Mercoledì 24 Aprile 2024

Quel tram che si chiama nostalgia

Giovanni

Morandi

Tutti abbiamo avuto un autobus come amico. Come compagno di viaggi per andare da casa a scuola e da scuola a casa, un autobus, un tram o una metropolitana. Dove scherzare, innamorarsi, fare la corte alla compagna di scuola, ripassare i compiti, con la testa piena di pensieri assonnati o, al ritorno, affamati. Un autobus come amico e complice.

Per Emanuele fu anche di più, perché gli salvò la vita. Era d’ottobre quando portarono via i mille ebrei del ghetto di Roma ed Emanuele, che aveva 12 anni, riuscì a fuggire e a rifugiarsi sul tram che prese al volo. "Sono ebreo", bisbigliò al tranviere, che capì e lo tenne vicino a sé.
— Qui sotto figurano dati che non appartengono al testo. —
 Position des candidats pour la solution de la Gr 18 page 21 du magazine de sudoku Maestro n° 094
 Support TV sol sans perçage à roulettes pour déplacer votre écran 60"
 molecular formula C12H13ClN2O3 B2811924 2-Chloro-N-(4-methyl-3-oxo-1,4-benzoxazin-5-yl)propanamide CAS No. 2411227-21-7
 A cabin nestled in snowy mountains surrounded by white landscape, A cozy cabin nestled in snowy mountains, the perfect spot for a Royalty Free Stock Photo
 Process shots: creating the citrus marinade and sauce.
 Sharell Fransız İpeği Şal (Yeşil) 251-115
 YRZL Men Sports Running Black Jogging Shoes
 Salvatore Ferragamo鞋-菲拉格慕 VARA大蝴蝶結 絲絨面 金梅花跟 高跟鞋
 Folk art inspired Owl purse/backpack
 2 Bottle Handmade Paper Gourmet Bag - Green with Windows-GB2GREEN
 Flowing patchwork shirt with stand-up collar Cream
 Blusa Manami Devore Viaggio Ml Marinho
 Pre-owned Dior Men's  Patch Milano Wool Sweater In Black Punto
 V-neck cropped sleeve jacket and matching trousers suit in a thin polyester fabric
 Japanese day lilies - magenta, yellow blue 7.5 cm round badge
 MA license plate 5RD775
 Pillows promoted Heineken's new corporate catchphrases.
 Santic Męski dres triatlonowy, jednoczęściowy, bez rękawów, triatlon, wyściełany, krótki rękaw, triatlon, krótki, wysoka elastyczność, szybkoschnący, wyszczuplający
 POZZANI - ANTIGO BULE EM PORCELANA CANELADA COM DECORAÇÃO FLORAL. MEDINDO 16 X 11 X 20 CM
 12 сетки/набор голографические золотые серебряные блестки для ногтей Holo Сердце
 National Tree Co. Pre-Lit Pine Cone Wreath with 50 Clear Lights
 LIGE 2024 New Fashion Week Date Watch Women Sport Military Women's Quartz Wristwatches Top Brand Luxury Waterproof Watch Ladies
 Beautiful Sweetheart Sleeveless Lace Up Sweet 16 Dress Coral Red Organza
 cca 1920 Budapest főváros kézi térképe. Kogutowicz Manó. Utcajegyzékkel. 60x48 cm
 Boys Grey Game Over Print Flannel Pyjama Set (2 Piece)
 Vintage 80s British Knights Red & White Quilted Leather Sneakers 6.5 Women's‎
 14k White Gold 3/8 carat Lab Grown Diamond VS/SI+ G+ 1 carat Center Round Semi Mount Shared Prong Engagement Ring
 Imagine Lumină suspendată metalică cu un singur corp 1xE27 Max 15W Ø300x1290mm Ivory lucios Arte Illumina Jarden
Rimase su quel tram tre giorni e tre notti, di notte al deposito vi dormiva con una coperta addosso. I tranvieri si erano passati la parola per aiutare quel ragazzo. Poi su quel tram salì un parente e lo portò con sé. Emanuele Di Porto si salvò grazie al tram.

Oggi si è rovesciato il mondo. Quei bus, quei tram e quei metrò che portano i ragazzi da casa a scuola e da scuola a casa sono diventati una minaccia. I nostri figli ci salgono perché non hanno alternative ma lo fanno con la paura di essere contagiati. Il bus affollato che era occasione di dolci imprevisti, è diventato un posto pericoloso, un luogo da evitare, di cui è meglio non fidarsi. Non è più nostro amico ma complice del male che ci ha avvelenato l’esistenza, moltiplicato l’ansia e cancellato un’amicizia verso la quale finora non avevamo mai avuto motivo di pensare potesse tradirci.

Era un bus carico di bei ricordi. Mio caro numero 23, filobus traballante ma fedele, lento ma affidabile. Dove per quanto smentito dalle evidenze, secondo il bigliettaio, potevamo sempre essere fiduciosi, perché "avanti c’è posto".